Живя в Киеве, Винтман знал и любил украинскую поэзию. Больше других — поэзию Тычины, его ранние сборники (но нравились ему и стихи из новой тогда книги поэта — «Чувство семьи единой»[23]. Увлекался стихами Бажана и Рыльского. Последнего, а также Сосюру пробовал переводить. Хорошо помню наш разговор о трудностях перевода с украинского на русский:

— Вот строки Рыльского: «Ластівки літають, бо літається, А Ганнуся плаче, бо пора». Казалось бы, перевести их легко: «Ласточки летают, им летается, А Ганнуся плачет, ей пора…»[24]

Все в переводе вроде бы правильно, а вместе с тем — совсем не то…

Павел Винтман при жизни не успел «войти в литературу». После войны напечатано только несколько его стихотворений. Настало время сделать его стихи достоянием широкого круга читателей.

Справедливо, что инициативу этого хорошего дела взяли на себя воронежцы, на земле которых он погиб в бою. «Никто не забыт, ничто не забыто!»

1973

Зинаида Сагалович. Горькая радость

С Павлом Винтманом мы познакомились в далеком 1933 году на занятии радиокружка при Киевской детской технической станции. И он и я заканчивали семилетку и стояли перед выбором дальнейшего пути. Будущий поэт тогда, мне кажется, и стихов еще не писал; любил стихи, знал многие наизусть, но о том, что сам пишет, не говорил. В то время его, как и меня, влекла техника, и не удивительно, что вскоре наши дороги сошлись в Киевском политехникуме связи, а когда техникум перевели в Харьков, мы вместе подали заявления на 4-й курс рабфака.

Возможно, к тому времени в душе его уже «сражались» за первенство «технарь» и поэт, но «технарь» позиций не сдавал: страна жила пафосом индустриализации, механизации сельского хозяйства; к тому же с газетных полос не сходили призывы крепить оборону. Пин (так «укороченно» звали его дома и в кругу друзей) посещал стрелковый кружок и даже придумал усовершенствование к пулемету «Максим», за которое получил денежную премию и благодарность от наркома обороны.
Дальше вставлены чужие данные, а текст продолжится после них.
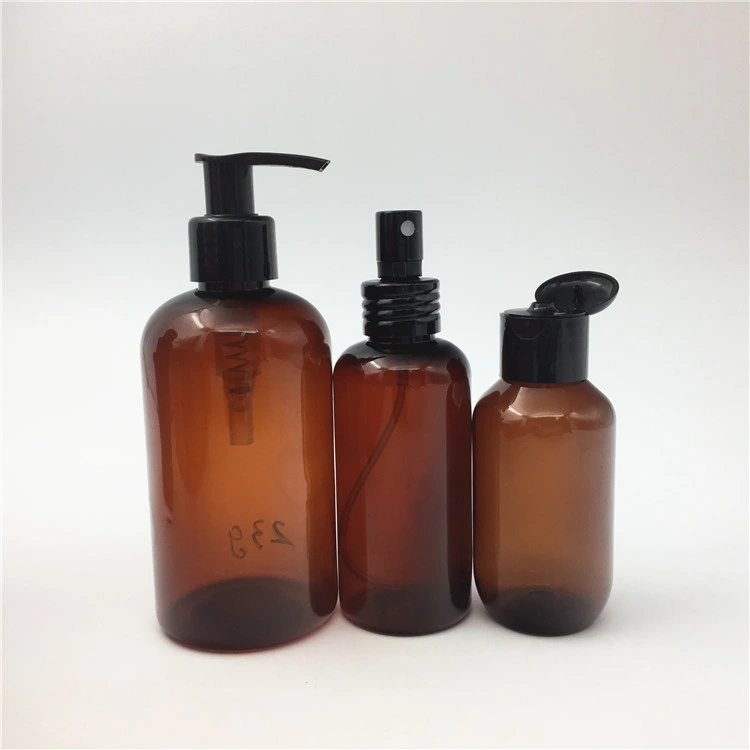 Amber Pet Lotion Bottles Empty Plastic Packaging Bottle with Lotion Pumps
После рабфака Винтман поступил в Сельхозакадемию на факультет электрификации и механизации.


Зинаида Сагалович и Павел Винтман. Киев, 1939 г.

Впрочем, именно здесь, в Сельхозакадемии, «технарь» милостиво «позволил» поэту подать голос: Пин стал посещать занятия студенческого литкружка и начал (а может быть, просто продолжал, но уже не таясь) писать стихи.
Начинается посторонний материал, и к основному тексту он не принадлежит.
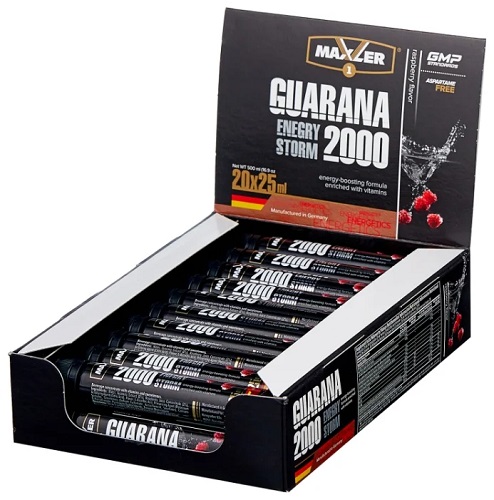 Maxler Гуарана 2000 25мл №14амп. Малина  (Упаковка)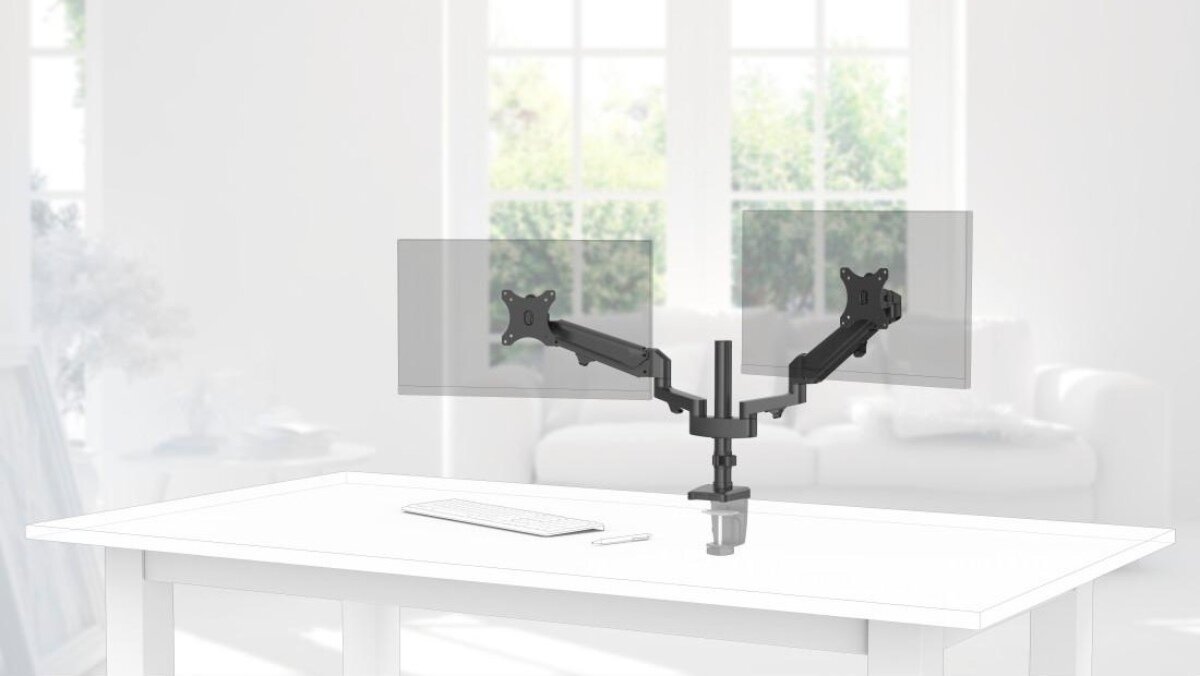 zdjęcie UCHWYTU DO MONITORA PREMIUM, OBROTOWY, SPRĘŻYNA GAZOWA,  2 RAMIONA, 13 - 32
Эти годы — 1935–1936 — и можно считать началом его творческого пути, поэзия полностью овладела им, стала смыслом его жизни.
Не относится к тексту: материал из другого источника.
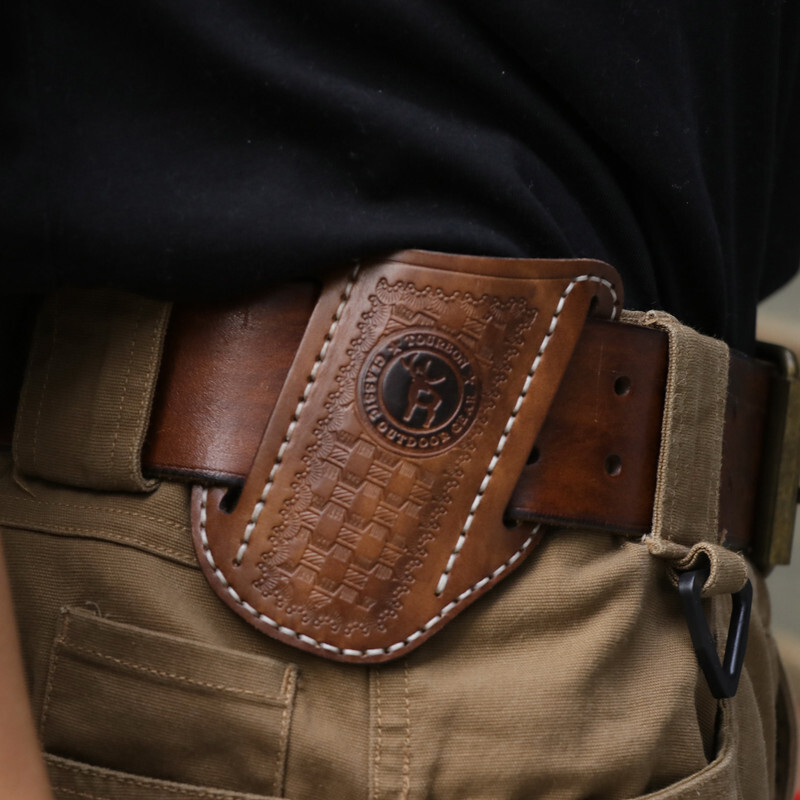 TOURBON Leather Folding Knife Pocket Belt Sheath Camping Gift-Special offer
В 1937-м Павел переводится в Киевский университет имени Т. Г. Шевченко на русское отделение филологического факультета и с первых же дней с головой окунается в литературную жизнь, бурлившую там: литстудия (в работе которой принимал участие ряд уже «настоящих», издавших книги или, по крайней мере, печатающихся в прессе поэтов, прозаиков, критиков), литературная стенгазета (в особенности юмористический ее раздел — «Парнасский брадобрей»), просто — встречи с друзьями (до и после лекций), встречи, которые и начинались с чтения стихов и чтением стихов заканчивались; причем «запойно» читались стихи и свои и не свои. Любимыми поэтами Павла и его друзей были Багрицкий, Тихонов, Луговской, Сельвинский, из украинских — Рыльский, Сосюра.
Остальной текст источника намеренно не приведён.